Mit dem Rücktritt des Ortsgemeinderates werden nun Nachrücker angeschrieben, übernehmen diese das Amt, muss innerhalb von drei Monaten ein neuer Ortsbürgermeister gewählt werden. Nehmen sie das Amt nicht an, muss in diesem Zeitraum auch ein neuer Rat gewählt werden. Gauweiler bleibt im Amt, bis das Land einen offiziellen Verwalter für die Gemeinde gefunden hat - längstens jedoch bis 31. August.
Was den Haushalt der Ortsgemeinde betrifft, so bleibt es beim Sparkurs. Denn wenn bis zum September keine maßgeblichen Sparmaßnahmen gefunden werden - und das wird ohne handlungsfähigen Rat nicht passieren - tritt die vorläufige Haushaltsführung in Kraft. Das heißt es können dann nicht einmal mehr schon versprochene Zuschüsse für die Durchführung von Festen und ähnlichem ausgezahlt werden. Bitter für Freisbach - ein großes Signal für die Politik, die jetzt in Zugzwang ist. Man wisse, dass sich in Sachen Finanzen jetzt nicht über Nacht alles ändern werde, sagte Gauweiler, aber dennoch hoffe er, dass man den Fehler im System erkenne und behebe.

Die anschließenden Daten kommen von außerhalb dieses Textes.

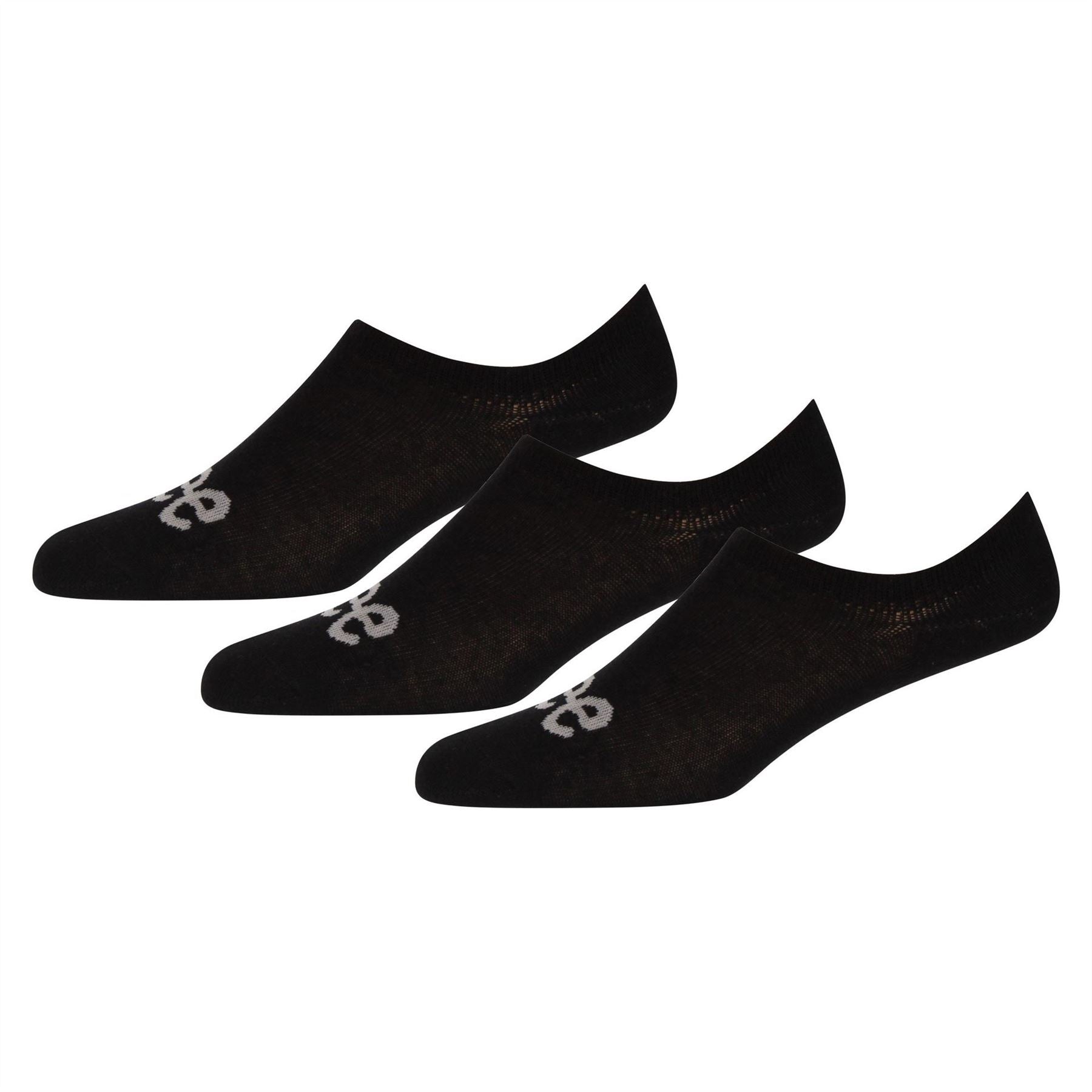 Lee Unisex 3 Pack Invisible Trainer Socks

Die Freisbacher Bürger stehen hinter der Entscheidung ihres Rates - eine bis auf den letzten Stehplatz gefüllt Sport- und Kulturhalle und minutenlanger Applaus für die Redebeiträge der Kommunalpolitiker zeigte, hier steht ein Dorf hinter seinen Politikern und respektiert deren unermüdlichen Einsatz bis zur letzten Konsequenz - dem gemeinsamen Rücktritt.

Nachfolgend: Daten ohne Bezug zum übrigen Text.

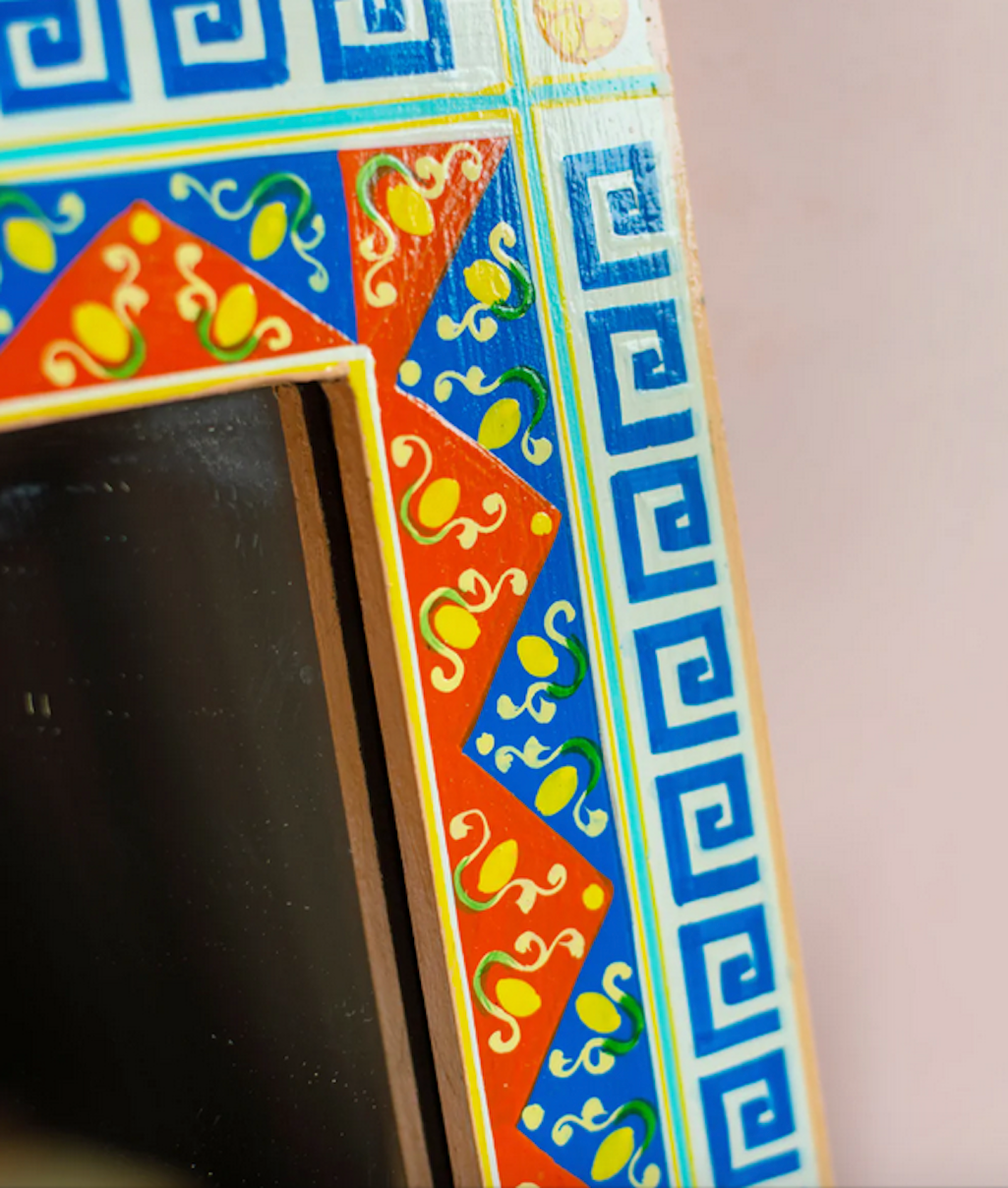 Hand Painted Fruity Mirror-Aldronix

So klingt das in der offiziellen Stellungnahme des Ortsbürgermeisters Peter Gauweiler:
Auf Grund des neuen Landesfinanzausgleichsgesetzes zum 1.1.2023, das die Finanzbeziehungen zwischen dem Land und den Kommunen regelt, und der zeitgleich erfolgten Neuausrichtung der Kommunalaufsicht durch das Land Rheinland-Pfalz erhält die Ortsgemeinde Freisbach keine Haushaltsgenehmigung. Mangels dieser Genehmigung und der Unmöglichkeit einen von der Kommunalsicht geforderten Haushaltsausgleich durch Ausgabenkürzungen oder Steuererhöhungen zu erreichen, sind nach der Sitzung die Mitglieder des Ortsgemeinderates und auch der Ortsbürgermeister Peter Gauweiler von ihren Ehrenämtern zurücktreten.
Ortsbürgermeister und Ratsmitglieder bedauern diesen Schritt sehr, sehen aber durch die Entscheidung des Landes Rheinland-Pfalz und in deren Folge der zuständigen Kommunalaufsicht keine Möglichkeit ihre ehrenamtliche Tätigkeit zum Wohle der Bürgerinnen und Bürger unter diesen finanziellen Auflagen und Vorgaben weiter auszuüben.
Im zu genehmigenden Doppelhaushalt 2023/2024 der Ortsgemeinde Freisbach beträgt das zu erwartende Defizit im Ergebnishaushalt des Jahres 2023 rund 640.000 Euro, des Jahres 2024 rund 615.000 Euro. In den Haushalten sind nur Ansätze für Pflichtaufgaben und keinerlei Ansätze für freiwillige Leistungen vorgesehen. Auch bei einer Steuererhöhung der Grundsteuer B auf aus Sicht des Ministeriums sowie des Rechnungshof Rheinland-Pfalz rechtlich mögliche 995 Prozent, bliebe der Haushalt der Ortsgemeinde weiterhin unausgeglichen.